== Task brief ==
Retype, exactly as they stand, the lines from the start of the data to the line that contains "Fall Pumpkin Spice SVG", both ends included. Leave the pictures out.

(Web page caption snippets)
★ ★ ★ ★ ★
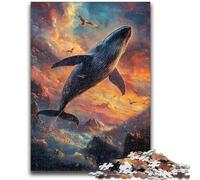 1000 Pieces Jigsaw Puzzle for Adults& Teens Whales at Sunset Puzzles for Teenagers,Vibrant And Unique Design Relaxing & Challenging Puzzle Experience (75x50cm)
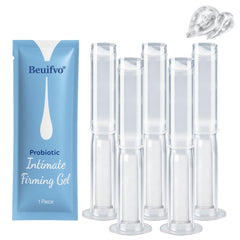 Beuifvo Probiotic Intimate Gel bottle pour for precise, hygienic application.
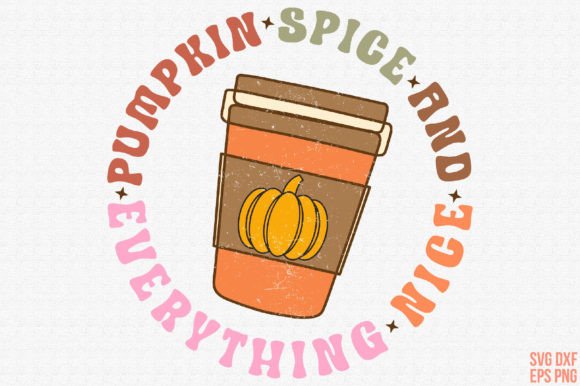 Fall Pumpkin Spice SVG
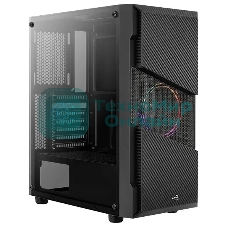 Компьютерный корпус Aerocool/Formula Menace Saturn FRGB-G-BK-v1 черный без БП ATX 4x120мм 2xUSB2.0 1xUSB3.0 audio bott PSU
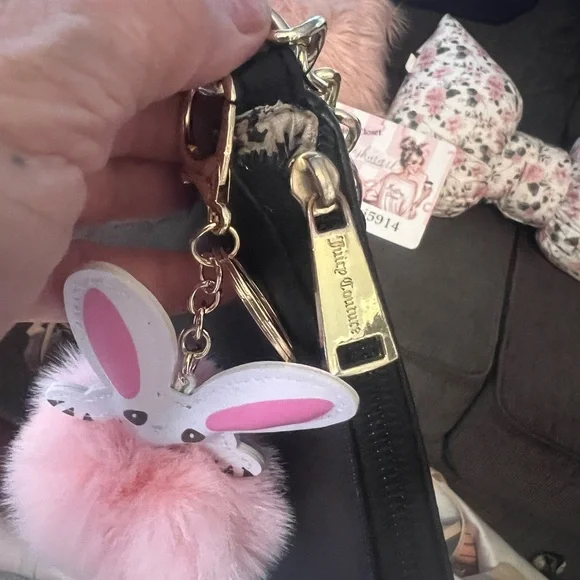 Juicy Couture | Bags | Juicy Couture Black Leather Shoulder Bag With ...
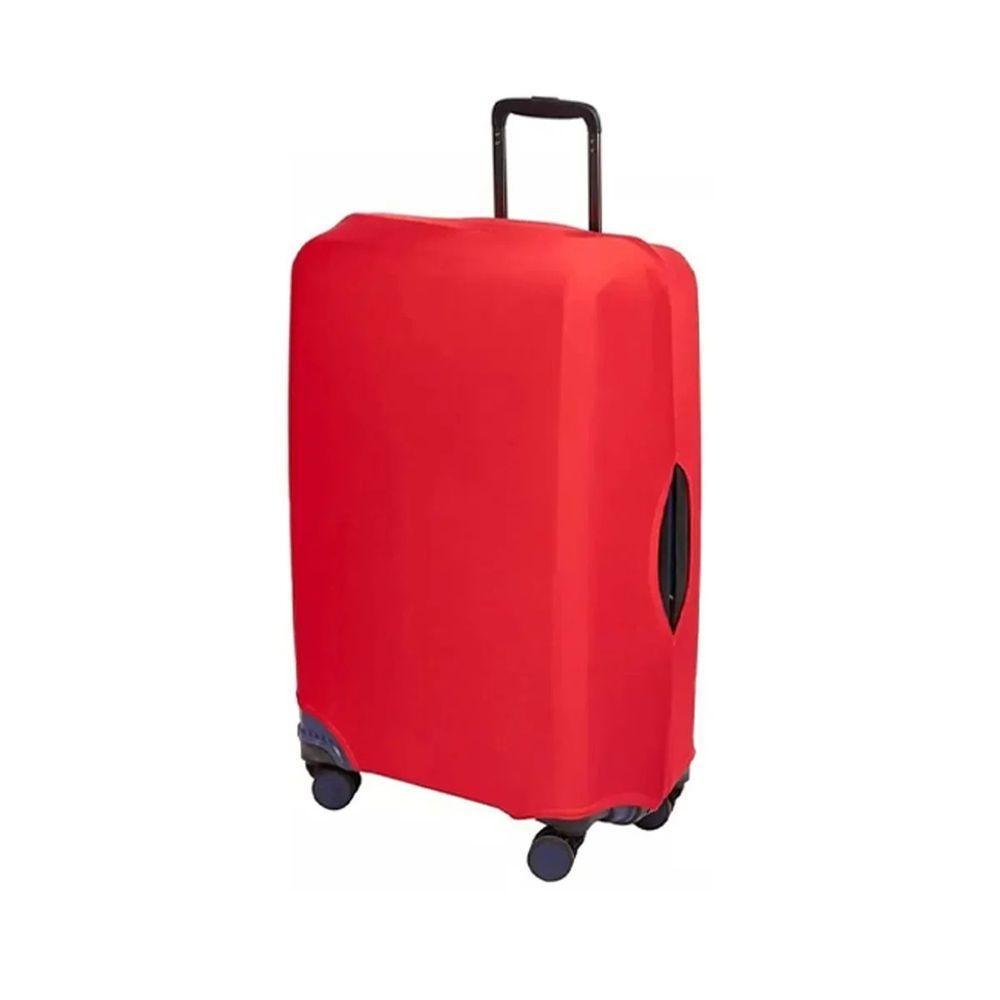 Capa Protetora Malas Viagem Bagagem Malha Neopreme Elástico Tam M Vermelho - 1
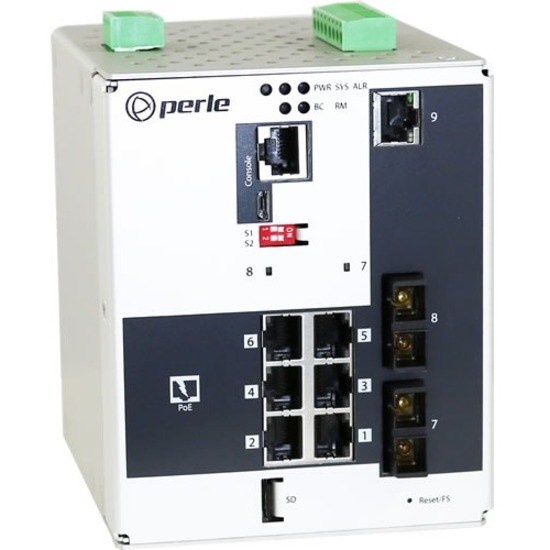 Perle IDS-509GPP 6 Ports Manageable Ethernet Switch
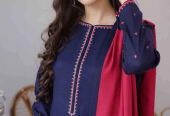  3 Pcs Women Unstitched Dhanak Embroidered Suit … Free home delivery by Muhammad Maqbool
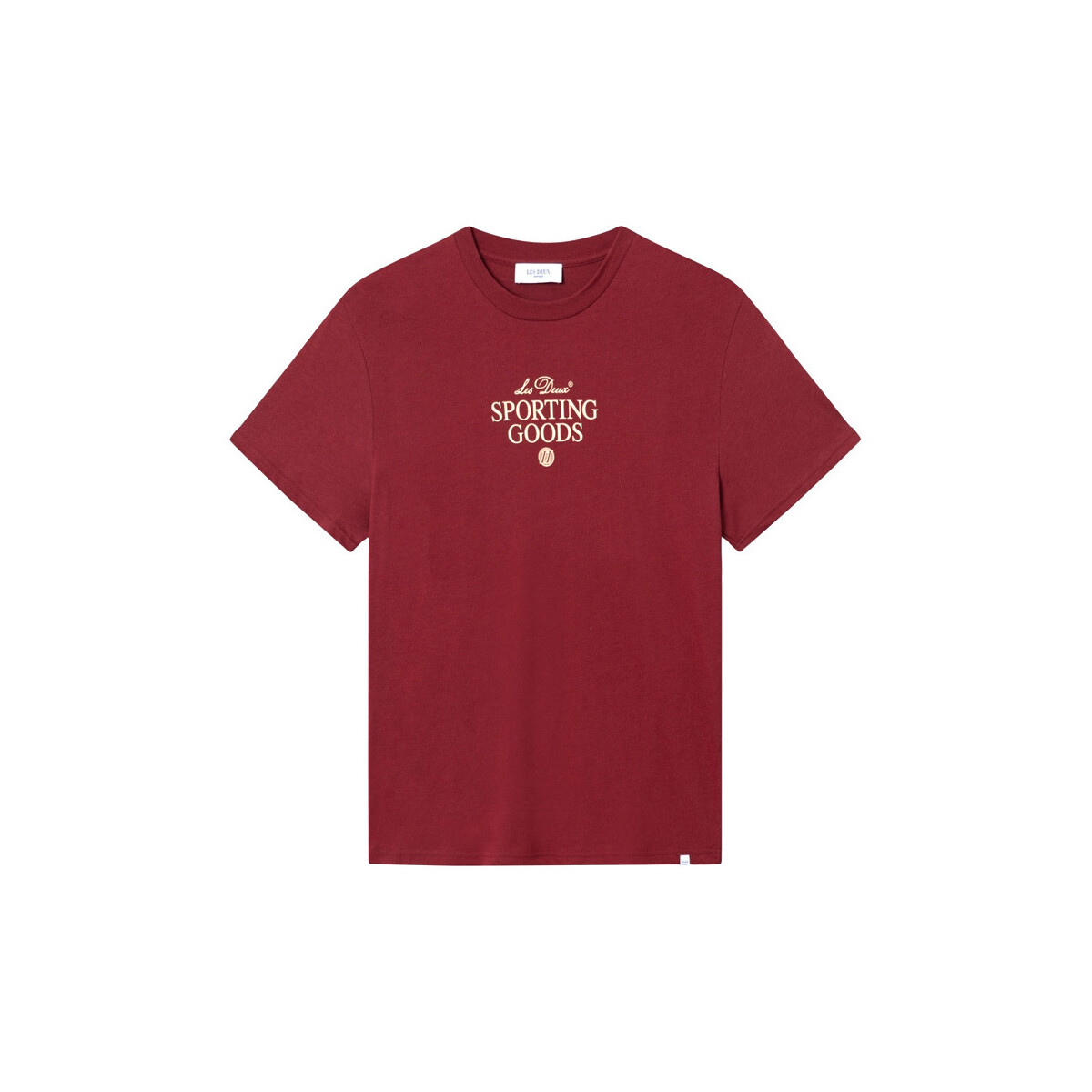 Υφασμάτινα Άνδρας T-shirt με κοντά μανίκια Les Deux SPORTING GOODS 2.0 T-SHIRT MEN ΚΙΤΡΙΝΟ- ΚΟΚΚΙΝΟ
★ ★ ★ ★ ★
== Result ==
 1000 Pieces Jigsaw Puzzle for Adults& Teens Whales at Sunset Puzzles for Teenagers,Vibrant And Unique Design Relaxing & Challenging Puzzle Experience (75x50cm)
 Beuifvo Probiotic Intimate Gel bottle pour for precise, hygienic application.
 Fall Pumpkin Spice SVG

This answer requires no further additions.